## Information shown:
• • • •
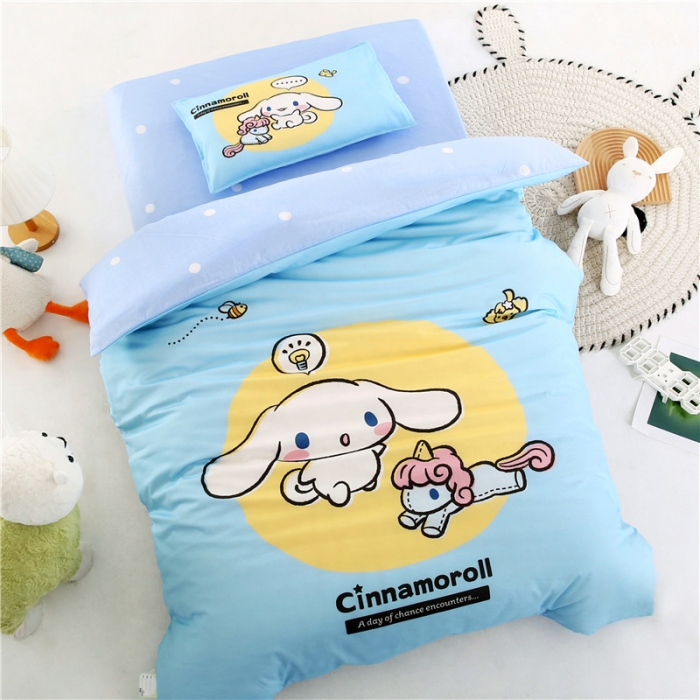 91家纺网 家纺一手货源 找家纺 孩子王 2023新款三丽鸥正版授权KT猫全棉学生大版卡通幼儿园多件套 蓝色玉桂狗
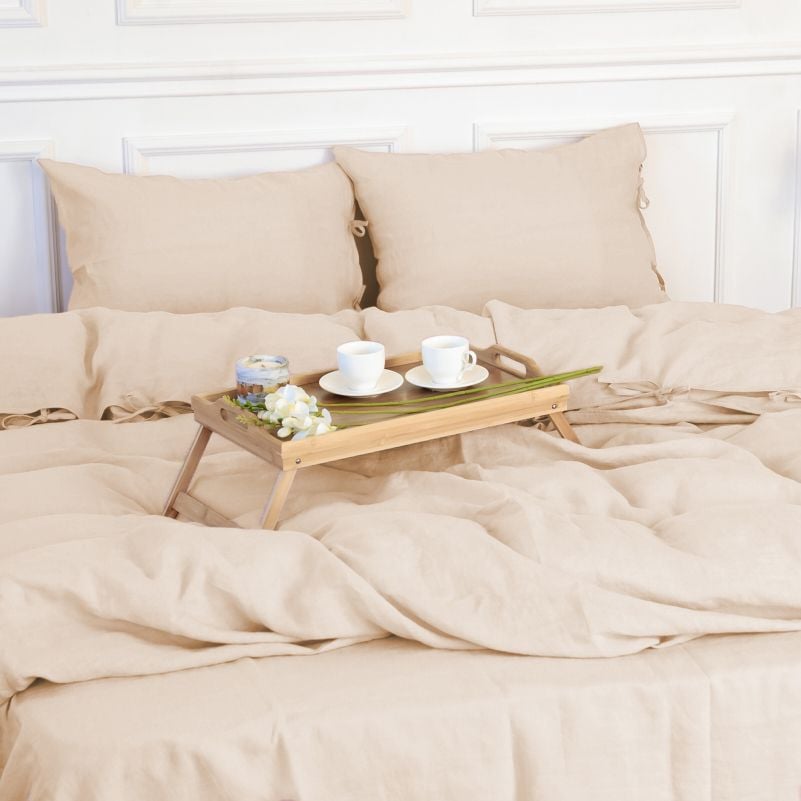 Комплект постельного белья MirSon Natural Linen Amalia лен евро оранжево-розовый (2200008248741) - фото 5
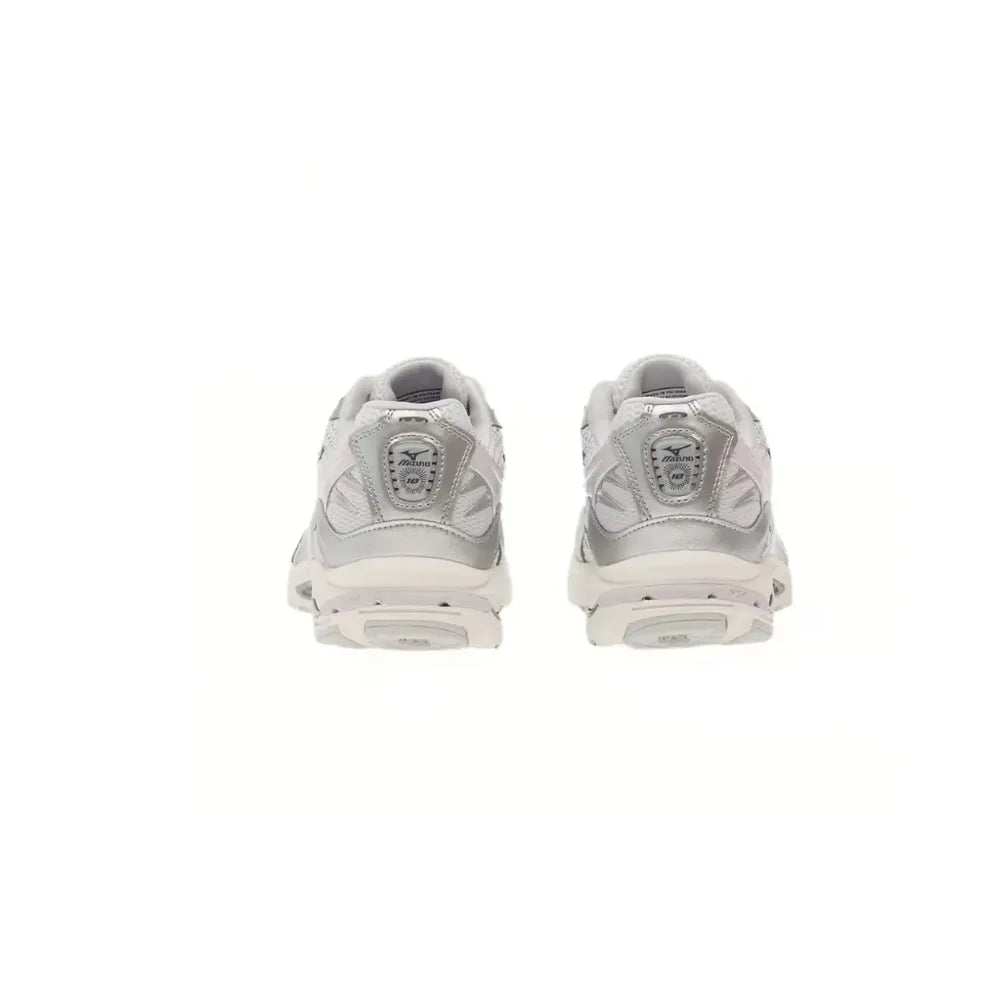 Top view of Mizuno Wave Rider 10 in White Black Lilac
• • • •
## Problem requirements:
Beginning with the line that holds "Комплект постельного белья", output each line to the end of the material above, exactly, omitting the pictures.

## Finished exercise:
 Комплект постельного белья MirSon Natural Linen Amalia лен евро оранжево-розовый (2200008248741) - фото 5
 Top view of Mizuno Wave Rider 10 in White Black Lilac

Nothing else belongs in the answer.